Twenty years ago, parents often did not know if their child had a mild or moderate hearing loss until they were two or three-years-old. Today Baystate’s Newborn Screening Program can detect even the mildest hearing loss – and provides parents with a follow-up plan – before their newborn leaves the hospital.

“Those first years are so important developmentally,” says Barbara Morris, AuD, PASC, who coordinates the Newborn Hearing Screening Programs at Baystate Medical Center and Baystate Franklin Medical Center. “Babies begin to hear in utero and are already picking up familiar sounds and even dialect patterns. When they have any hearing loss, they are missing out on crucial speech, language, and learning concepts.”

All babies born in Massachusetts hospitals have their hearing screened before going home. Baystate Health hospitals have screened thousands of babies for hearing loss since the program began in the late 1990s. More than 185 newborns at Baystate Medical Center and Baystate Franklin Medical Center have been identified with hearing loss.

How Newborn Hearing Screening Works

Surgical technologists, phlebotomists, patient care technicians and nurses perform the screening while a baby is sleeping using an automated screening device called the “ALGO.” The screener places small stick-on electrodes on the baby’s forehead, nape of the neck, and cheek, and small stick-on headphones on each ear.

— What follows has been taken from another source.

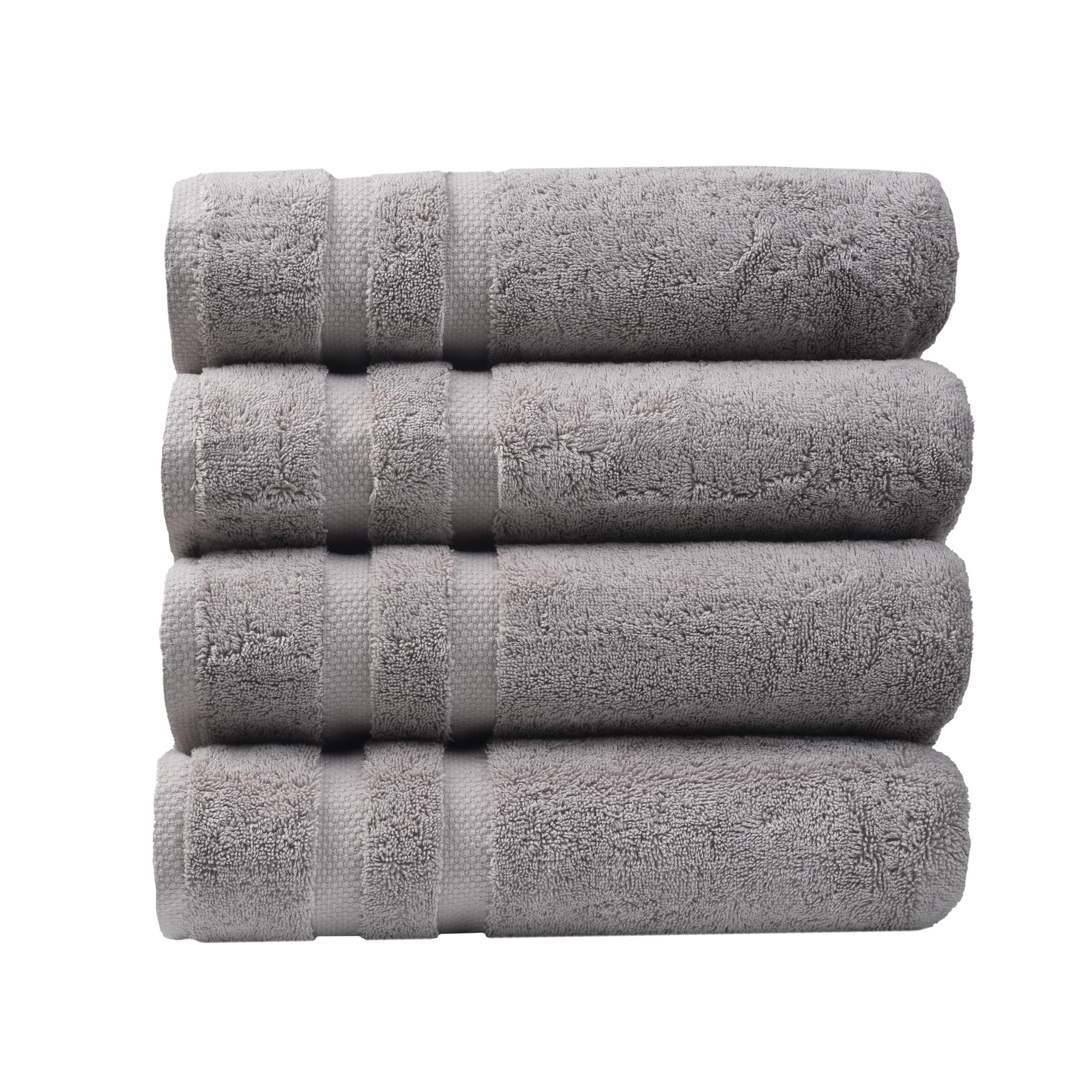 SOFE H&L | Olea Luxury Cotton Turkish Bath Towels Set of 4 Cool Gray | Premium, Soft, Durable, Absorbent | Hotel Quality Plush Towels and Thick Towel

The ALGO delivers soft clicking sounds and the computer measures the baby’s brainstem response to the sound.

Babies either pass or receive a referral to follow-up as an outpatient in a few weeks. In many cases, babies go on to pass the re-screening. Those who don’t are referred for diagnostic testing through Baystate's audiology and hearing services or other sites. 

If a hearing loss is confirmed, audiologists work as a team with the baby’s family and begin on the path to receive hearing aids or other support, often by the time the child is just a few months old.

Parental Follow-Through is Key

“It’s hard to tell parents their baby has a hearing loss, but we can also tell them there’s something we can do about it,” says Morris, who has been in the audiology field for over 35 years and first started at Baystate Franklin in 1979.

Parental follow-through, Morris emphasizes, is key to a patient’s success. “Children who are identified with hearing loss at birth, show up for all their appointments, wear their hearing aids or cochlear implants consistently, get good early intervention, and receive needed support services in school will do just as well as their normal hearing peers,” she says. 

Nationally, the follow-up rate for babies leaving the hospital with a “refer” is less than 50%. Morris says, “We are very proud that 100% of our parents at Baystate Medical Center and Baystate Franklin follow up.” 

She recalls a boy identified at birth at Baystate Franklin with moderate hearing loss who is now 17 years old. “He’s one of those kids we wouldn’t have found until he was two. Now he’s an honor student about to graduate high school, and is doing great.”